Could You Have Killed Nick Adenhart?

The death this month of 22-year-old Los Angeles Angels rookie pitcher Nick Adenhart – killed by a drunk driver just hours after making a spectacular season debut – has lead to outrage against drunk driving in general and in particular against the driver who killed Adenhart.

Nick Adenhart (1986-2009)

Nick Adenhart (1986-2009)

The drunk driver who killed Adenhart — Andrew Thomas Gallo, also 22-years-old – has been charged with three counts of murder, one felony count of fleeing the scene of a traffic collision involving death or permanent injury, one felony count of driving under the influence causing injury and one felony count of driving with a blood-alcohol level above the .08 percent that is the legal limit in California – Gallo’s blood alcohol level was three times higher than the legal limit – and causing bodily injury.

If convicted, Gallo could spend 55 years in prison.

Gallo is a  particularly unsympathetic figure: he was on probation for a prior drunk driving conviction, was driving on a suspended license, and fled the scene after the crash.

Orange County District Attorney Tony Rackauckas expressed the community’s anger toward Gallo: “As the District Attorney, over the years I have seen some heart-wrenching things,” Rackauckas said during a media conference. “They don’t get much tougher than this. This Angel and his two friends were too young to be sent to heaven, but the defendant selfishly and recklessly got behind the wheel after getting drunk, and they didn’t have a choice…The defendant has acknowledged that he knew the dangers of drinking and driving based on his participation in this alcohol program… Knowing that he had caused this crash, Mr.
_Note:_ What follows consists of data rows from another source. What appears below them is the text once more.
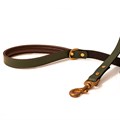 Hawkhurst Forest Green Leather Padded Lead Alternative Image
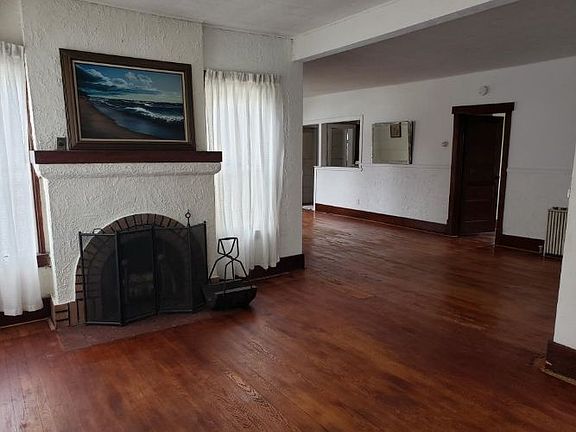 2nd image of 4213 13th St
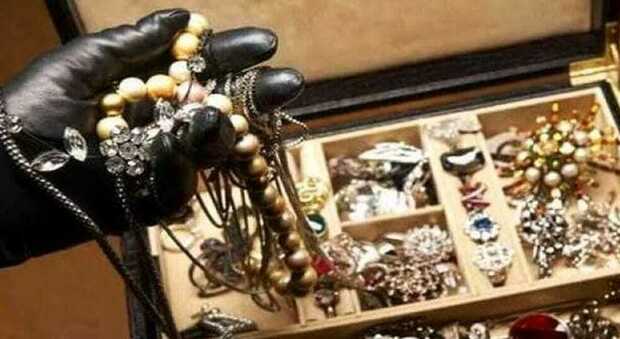 Foggia, si finge cliente e rapina una gioielleria: via con 3mila euro di gioielli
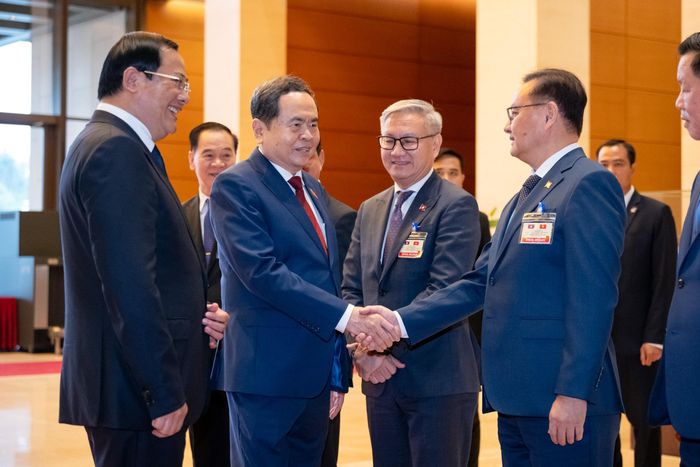Thủ tướng Lào Sonexay Siphandone giới thiệu với Chủ tịch Quốc hội Trần Thanh Mẫn các thành viên đoàn đại biểu Lào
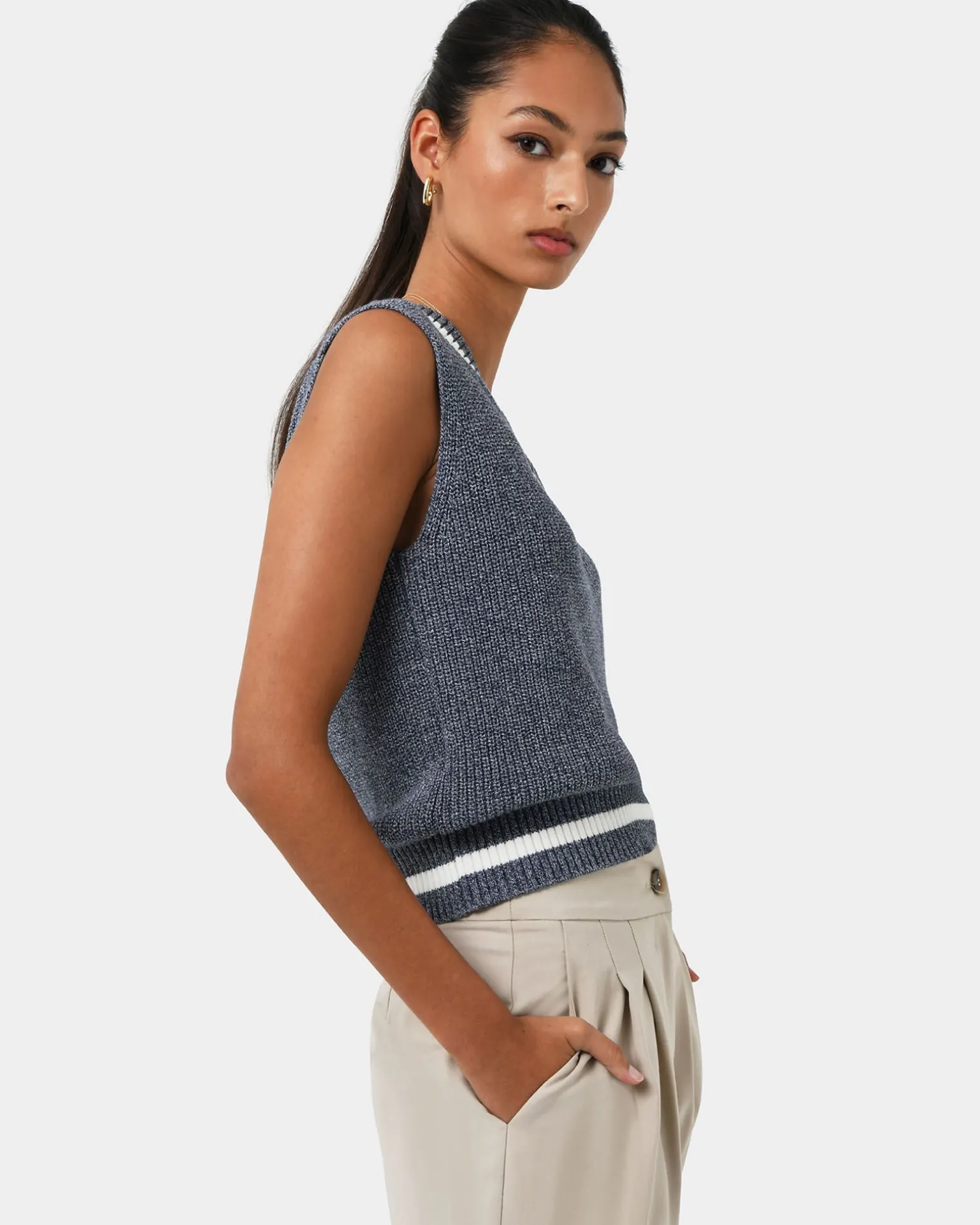 Sarah V-neck Knit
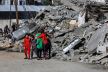 Palestinska deca u Kan Junisu, gradu u Gazi koji je uništen u izraelskom bombardovanju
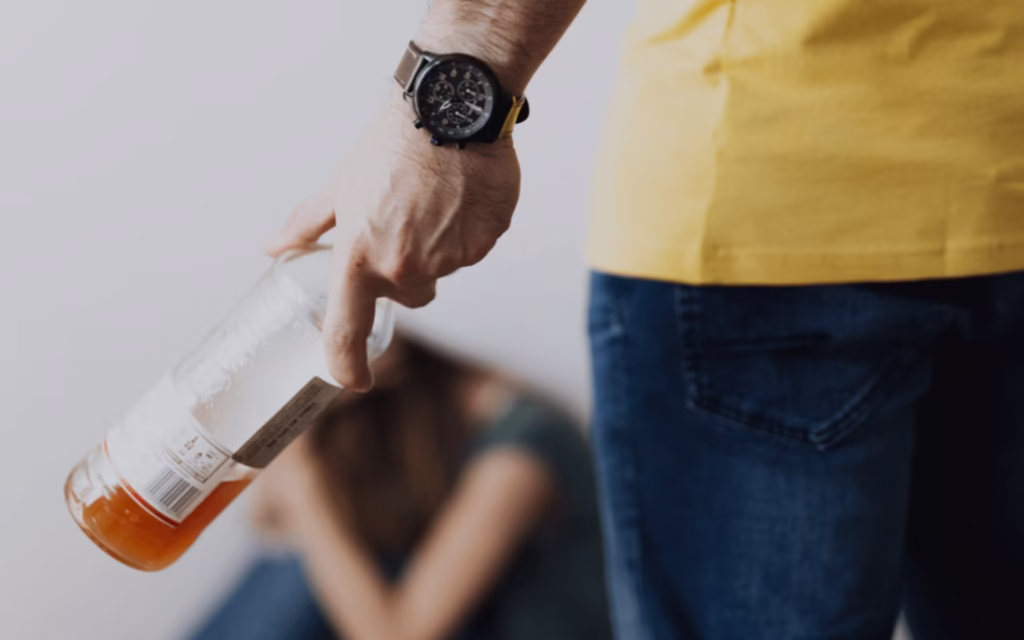 Benefits of Using an Interventionist for a Loved One with an Addiction (1)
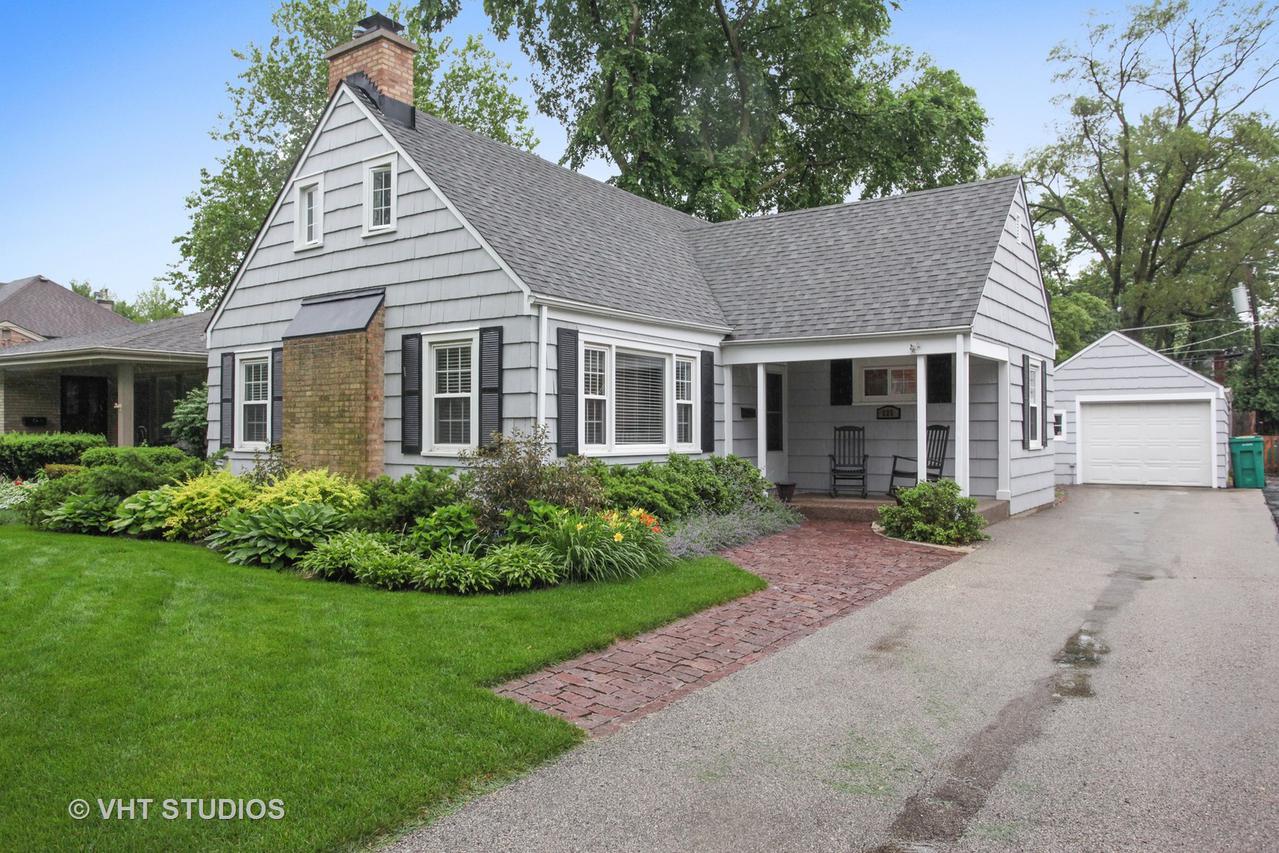 525 Longfellow Ave., Deerfield, IL 60015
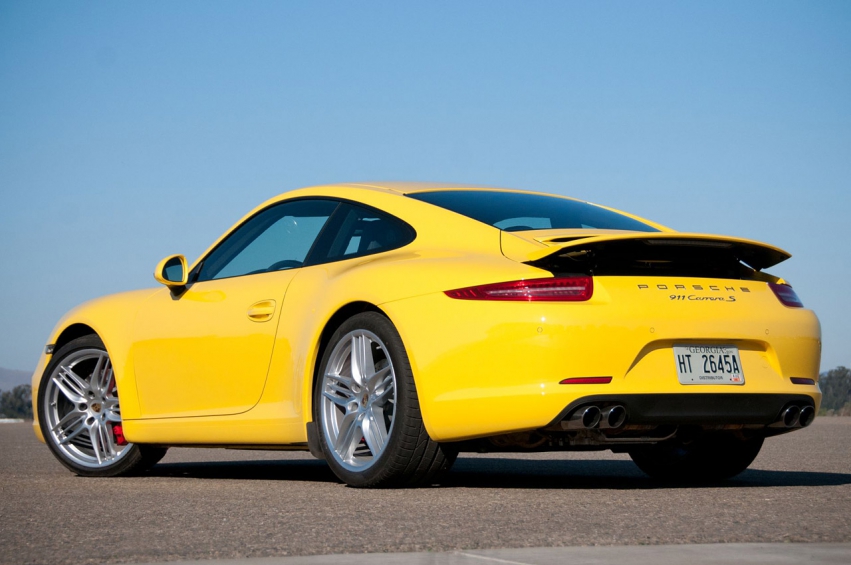 Авто обои Porsche 911 Carrera S First Drive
Gallo cowardly fled the scene on foot without checking on the welfare of those he had just hurt.”

Of course, Rackauckas is correct.

But I question whether many of us are in a moral position to condemn Gallo.

There are people who don’t drink.

There are people who don’t drive.

Just about everyone else has driven drunk.

Especially in the car culture of Southern California – where it is just about impossible to get anywhere without getting behind the wheel – I venture to say that nearly everyone leaving a bar — or most people leaving a social occasion where they’ve consumed alcohol – are driving drunk.

Of course, most of these people don’t kill anyone.

But that’s just luck.

Coincidentally, in the midst of the outrage over Adenhart’s death, the Los Angeles Times reports that 70 sworn and civilian employees of the Los Angles County’s Sheriff’s Department were arrested for alcohol-related offenses last year, the majority for driving off-duty while under the influence of alcohol.

Each of them – and the hundreds more sherrif department employees who drove drunk but didn’t get caught — could easily have killed someone.

As could all of us who have ever gotten behind the wheel after drinking.

I am not suggesting that we should go easy on Gallo or other drunk drivers.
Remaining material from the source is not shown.